I gathered my essential work-related items and then began hastily throwing together some snacks for Jeb’s backseat excursion. A tangerine, a bowl of cheddar goldfish, a breakfast bar and some water. He put a basket of toys together and we ran through the rain to load up in the car.
As I pulled out of the driveway thinking of how I could most gracefully appear professional yet still tend to the needs of my under-the-weather-child, I felt the tension ripple through my body. I knew this feeling.
I’d spent 5 days in December having an intimate exchange with this strained sensation. It feels heavy, like something of a mountain on top of my head. And this mountain is ever-demanding and never lets up. Under the pressure of this prominence my very being constricts and tightens. Things move faster, my patience grows thinner and eventually…I get mad.
So Jeb’s in the back seat trying to see if one of his Star Wars Storm Troopers can fit in his remote control Jeep while Buzz Lightyear looks on.
Riding shotgun with me is my laptop and paperwork, a ten page to-do list and a stick of gum. I feel the overwhelm close in on me like a shroud. And then I remember the words of the Ambassador.
If you follow the Archives you may recall the Ambassador shared his story of 15 seconds of grace. He also imparted some sage advice for moments when grace can’t even be felt for a millisecond. He suggested the simple gesture of a hand to the heart. A deep breath in. And just be there like that for a moment.
So I’m driving down the highway with Jeb and Mr. Potatohead and I reach my hand to my heart and breathe. There is a comfort there of simply feeling a hand on my chest. An abbreviated version of a self-hug. I notice the air in my lungs. And I begin to see the green of the wet trees along the highway with a bit more vivid vision. After about a minute, I do realize that my body has relaxed.

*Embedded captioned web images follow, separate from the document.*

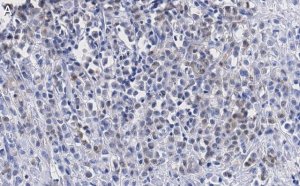 Anti-SSNA1 Antibody, clone 4C4 ZooMAb� Rabbit Monoclonal 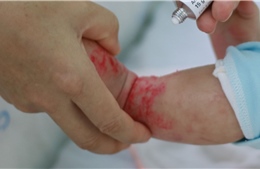 TP Hồ Chí Minh: Trẻ khám bệnh tăng do bị viêm da cơ địa bội nhiễm 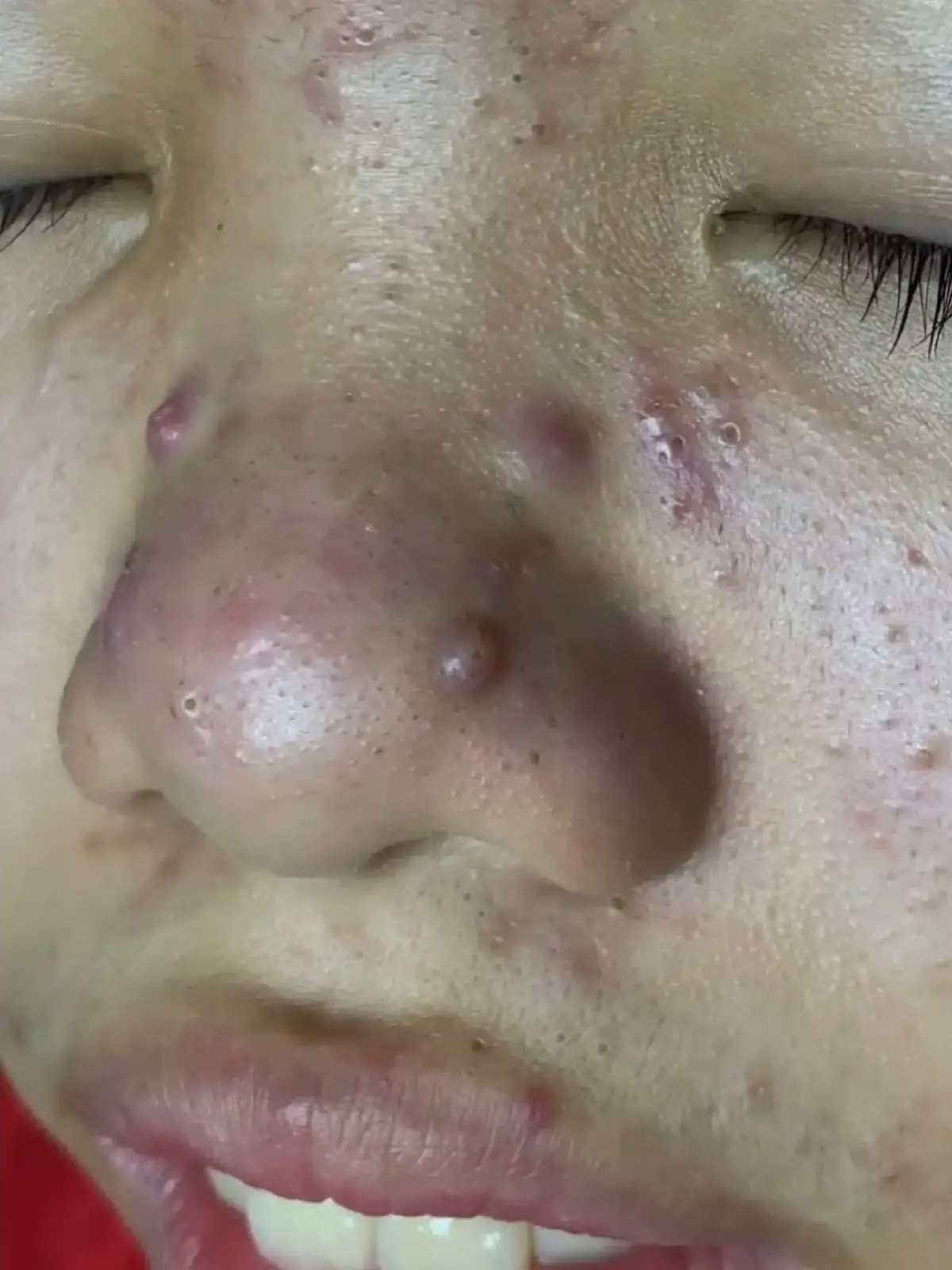 #pimplepopping #blackheadremoval #blackhead 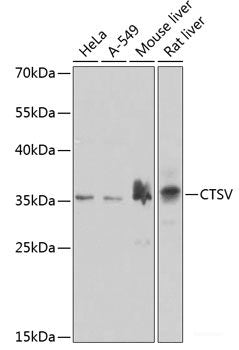 Immunofluorescence analysis of U2OS cells using ATG4D Polyclonal Antibody at dilution of 1:100. Blue: DAPI for nuclear staining.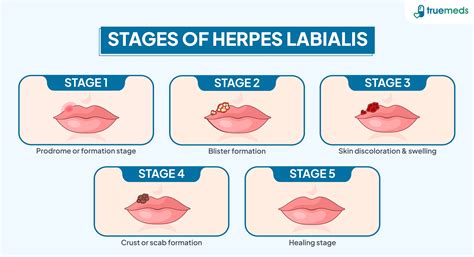 Infographic showing the different mechanisms of action of laser therapy on herpes labialis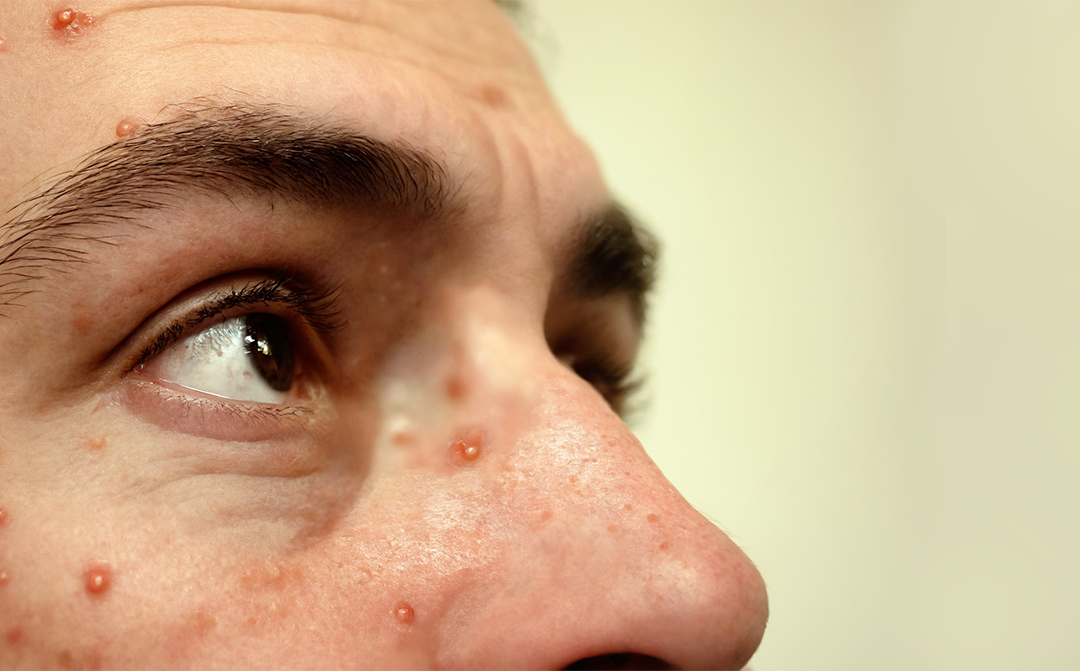 WHO has declared mpox a global health emergency. What happens next?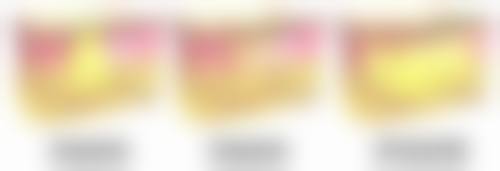 用牙签偶尔划出双眼皮需坚持多久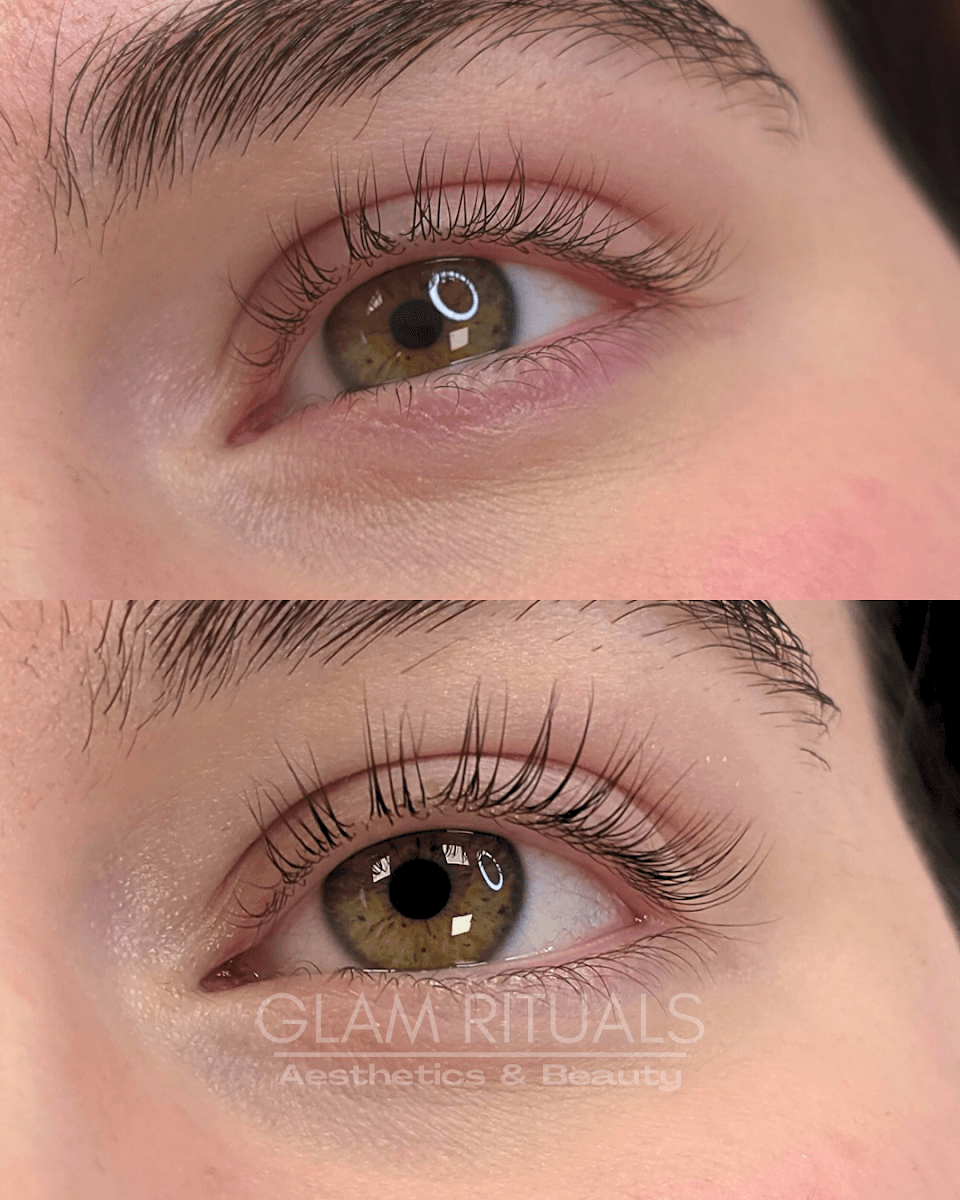 Glam Rituals Aesthetics & Beauty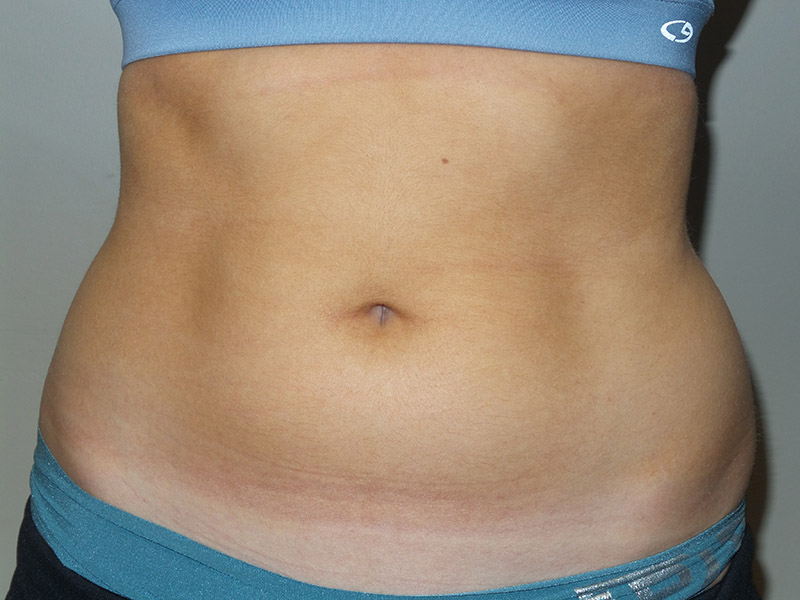 Emsculpt Before and After 02 | Sanjay Grover MD FACS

No circumstance has changed. I still have a client to meet. Jeb is still sniffly. But I’m a bit more calm. And then I realize that the mountain on my head is not just sourced in situation. Surely life will provide plenty of external conditions to challenge me. But in the end, I’m the one who decides how it affects me. I choose to tighten. I choose to lose my grace in haste.
Hand on the heart makes space. I like this.
Within five minutes of arriving at my clients’, Rex texts me that he can be with Jeb. I shuttle him to his father’s place with gratitude and have the rest of the day to focus freely on my work. I’ll admit the day still saw instances of tension and I forgot all about my heart. But I had a glimpse of mastery in that moment there with Jeb and the toys and the highway.
And you know, just for fun…if you’ve read this far. I invite you to try it for yourself right now. Put your hand on your heart and see how it feels.